Abstract
Rapid increase in speed and availability of network of supercomputers
is making high-performance global computing possible, including our
Ninf system. However, critical issues regarding system performance
characteristics in global computing have been little investigated,
especially under multi-client, multi-site WAN settings. In order to
investigate the feasibility of Ninf and similar systems, we conducted
benchmarks under various LAN and WAN environments, and observed the
following results: 1) Given sufficient communication bandwidth, Ninf
performance quickly overtakes client local performance, 2) current
supercomputers are sufficient platforms for supporting Ninf and
similar systems in terms of performance and OS fault resiliency, 3)
for a vector-parallel machine (Cray J90), employing optimized
data-parallel library is a better choice compared to conventional
task-parallel execution employed for non-numerical data servers, 4)

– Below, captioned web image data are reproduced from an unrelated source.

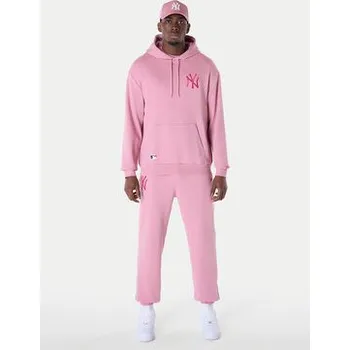 Pánská mikina New Era Mikina New York Yankees MLB League 60596174 Růžová Regular Fit M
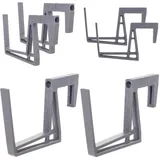 Kadax Balkonkastenhalter Kunststoff Anthrazit 2-er Set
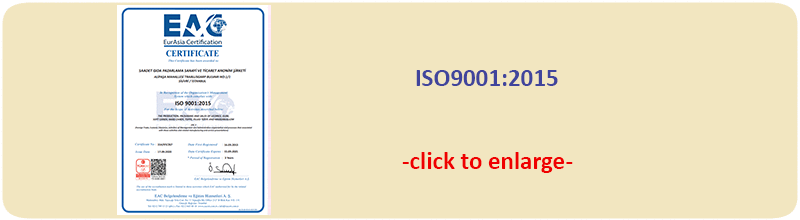 Saadet Gıda ISO9001 Certificate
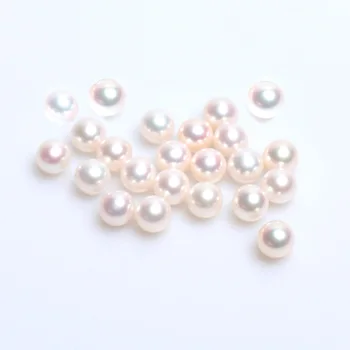 MADALENA SARARA Originali Pearl 3-7mm AAA Gėlavandenių Perlų Apvalus Natūralus Baltas Geros Kokybės, Ryškumo Prabangių Perlų Karoliukais 130g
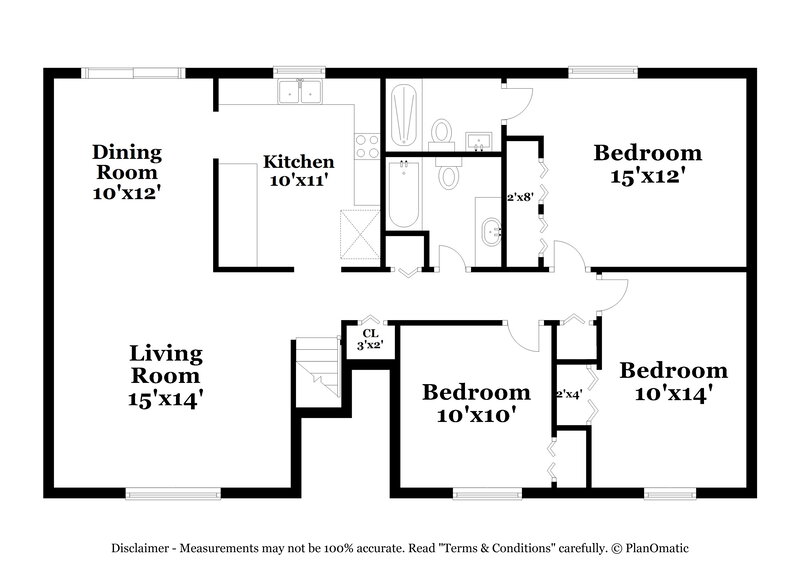 1,995/Mo, 2880 Chatsworth Way Reynoldsburg, OH 43068 Floor Plan View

computationally intensive tasks such as EP can readily be supported
under the current Ninf infrastructure, and 5) for
communication-intensive applications such as Linpack, server CPU
utilization dominates LAN performance, while communication bandwidth
dominates WAN performance, and furthermore, aggregate bandwidth could
be sustained for multiple clients located at different Internet sites;
as a result, distribution of multiple tasks to computing servers on
different networks would be essential for achieving higher
client-observed performance. Our results are not necessarily
restricted to the Ninf system, but rather, would be applicable to
other similar global computing systems.